ART | EXPO

Contre-mesure

08 Mar - 26 Avr 2014
Vernissage le 07 Mar 2014

Ce duo d’artistes issus du domaine du design mène une recherche plastique sur les systèmes de signes typographiques et leurs agencements. A travers leurs œuvres, ils tentent de créer un langage visuel original et polysémique, qui interroge le lien entre le signe, son environnement proche et notre position de lecteur.

Simon Renaud & Jérémie Nuel (A is a name)
Contre-mesure

Jéremie Nuel et Simon Renaud ont commencé à travailler ensemble dans le design graphique en 2006. En 2010, ils créent A is a name et installent leur atelier à Paris. Le duo place au centre de leurs projets différentes notions, puisées dans l’histoire de l’écriture, des mathématiques ou de la physique, et mènent une série de recherches plastiques axée principalement autour d’agencements et de systèmes de signes typographiques. Leur processus de création est souvent l’encodage. Ils englobent une série d’information extérieures et d’interprétations personnelles, provenant de diverses sources, afin d’en dégager un langage visuel original et polysémique.

Les deux artistes font souvent œuvre de digression en cours de réflexion, pour explorer et développer quelques pistes théoriques et formelles. En parallèle de leur travail de commande, ils conduisent des projets de recherche divers, collectifs ou individuels. En témoigne Universe Oscillation, une installation appliquant un principe géométrique soumis aux lois physiques d’une galerie d’art, révélant ainsi tout l’intérêt du duo pour une lecture cosmologique de notre environnement proche. C’est également sur ce principe que repose la série Elementary — des typographies expérimentales dont une lettre seule paraît être un symbole ésotérique alors qu’elle s’éclaire à la lumière d’autres signes pour composer alphabets et mots.

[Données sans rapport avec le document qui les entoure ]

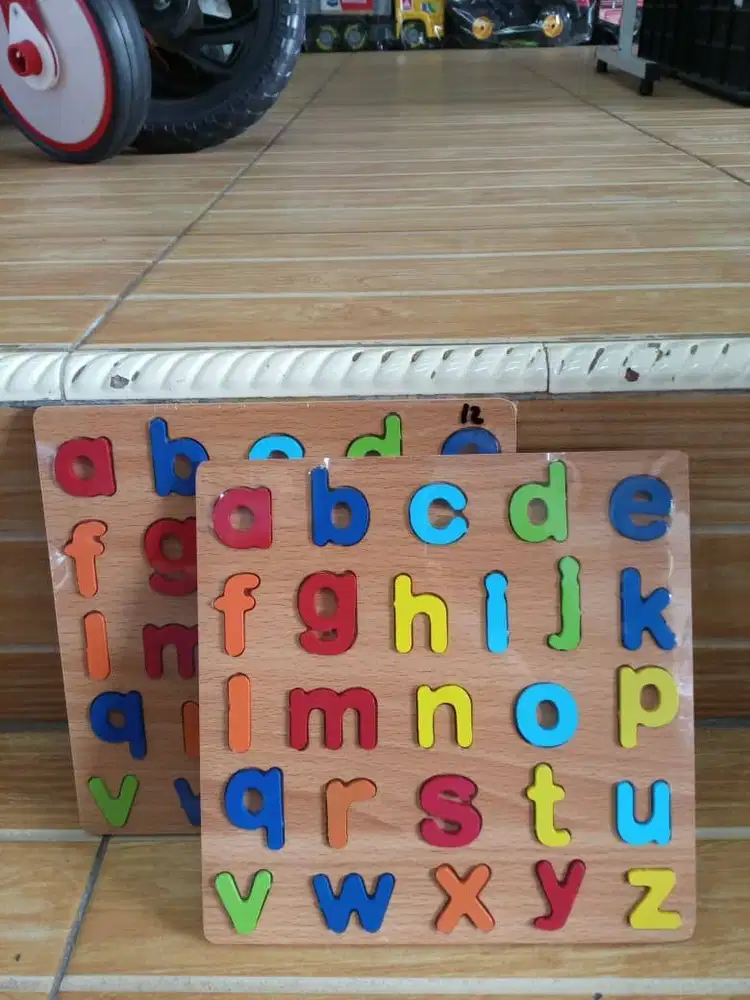 mainan anak puzzle huruf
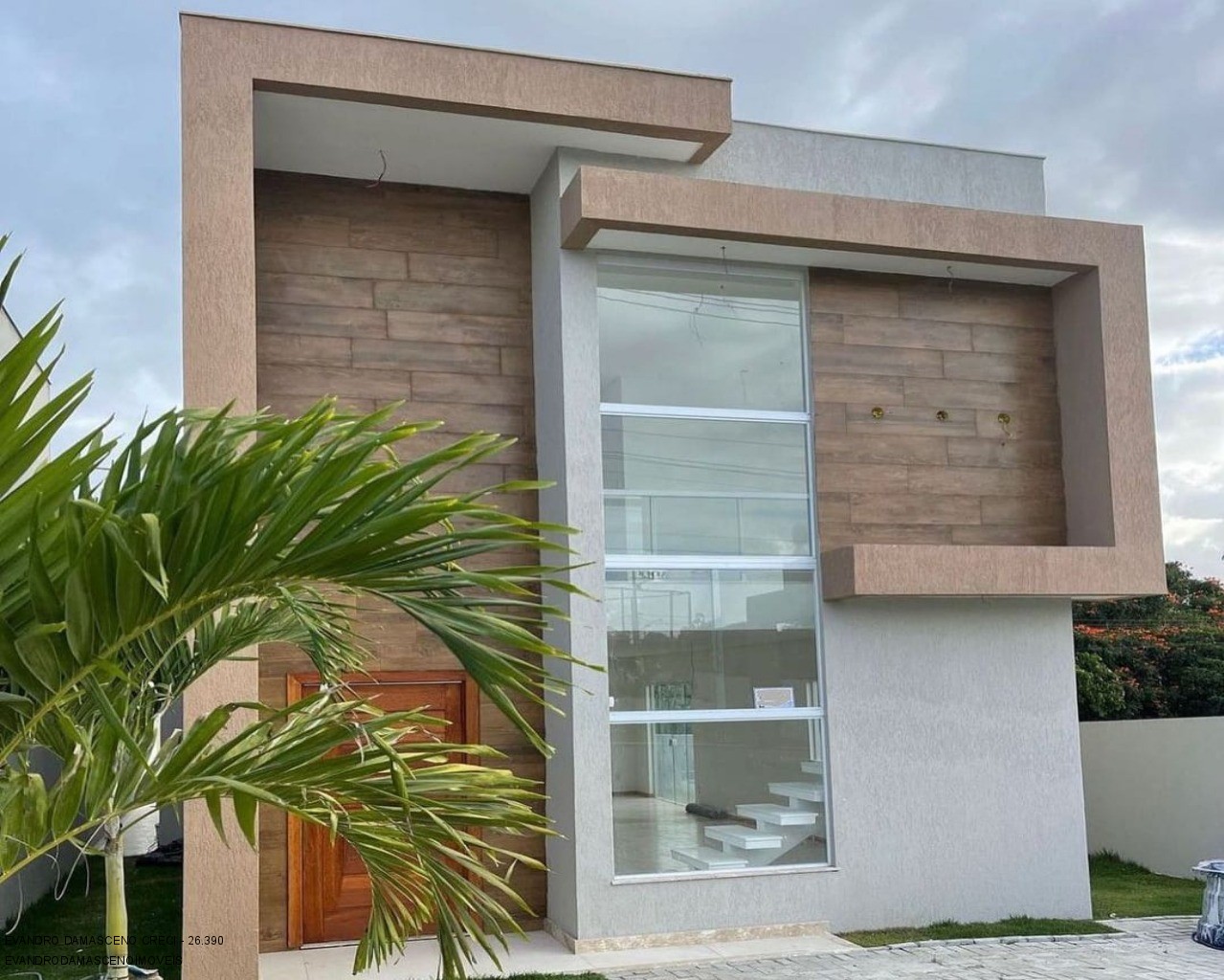 Casa à venda e aluguel com 4 quartos, 176m² - Foto 1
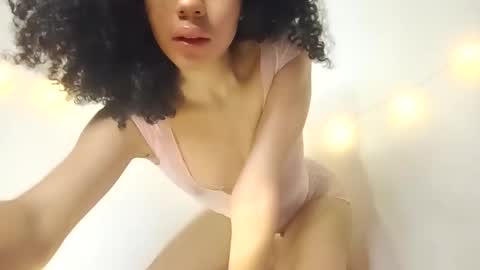 Lucia online show from February 12, 2026, 10:21 am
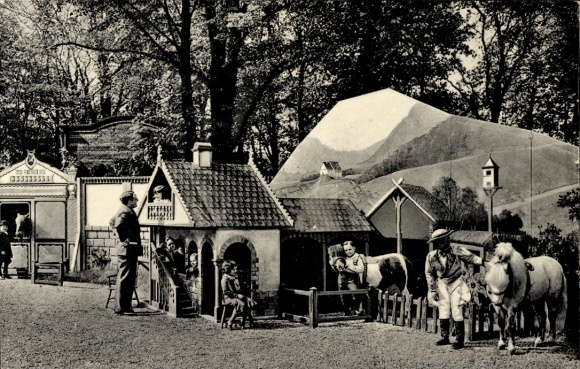 Postcard Schaefer's fairytale town of Lilliput, pony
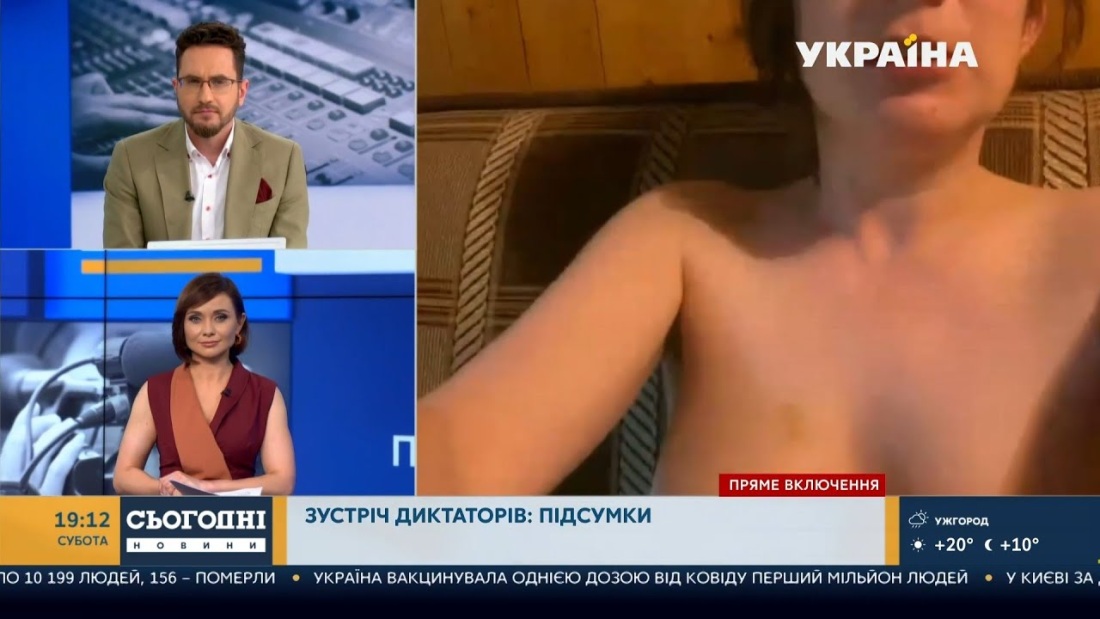 Юлия Колмогорова в купальнике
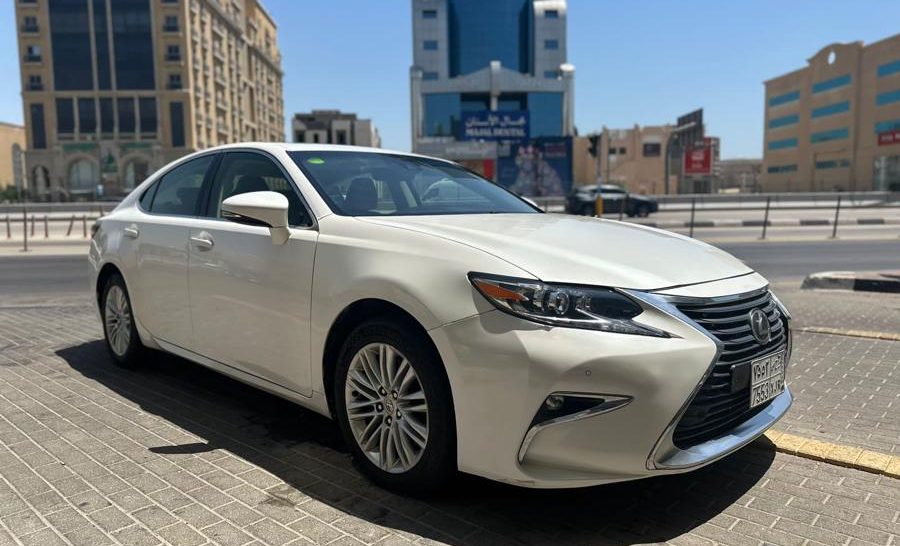 لكزس ES 2017 السيدان اليابانية كم سعرها في السوق السعودي؟ لكزس ES 2017 السيدان اليابانية كم سعرها في السوق السعودي؟ 6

Ces va-et-vient nécessaires entre le signe et son environnement soulignent l’importance du rôle de notre position de lecteur, véritable clef des énigmes graphiques proposées par A is a name. En cherchant le bon angle de vue, nous sommes capable de saisir une anamorphose, elle-même clef pour découvrir des espaces insoupçonnés. Jouant de ce mêmes mouvements de va- et-vient entre culture numérique et artisanat manuel, ils nous propose avec l’exposition «Contre-mesure», un étonnant diptyque dont le point de départ est la déconstruction et la reconstruction créative d’un système sémiologique (ensemble de signes et messages). Le titre de l’exposition est un terme militaire, qui se dit d’une action destinée à rendre inefficaces les armements ennemis. Les deux œuvres BSoD et 5xx explorent l’élément de base de l’image digitale, le pixel, et tentent de revenir à son abstraction. Elles invoquent le code Baudot et les cartes perforées, tout en faisant un discret clin d’œil au Quadrangle (Carré noir sur fond blanc), fameuse huile sur toile peinte par Kasimir Malevitch en 1915.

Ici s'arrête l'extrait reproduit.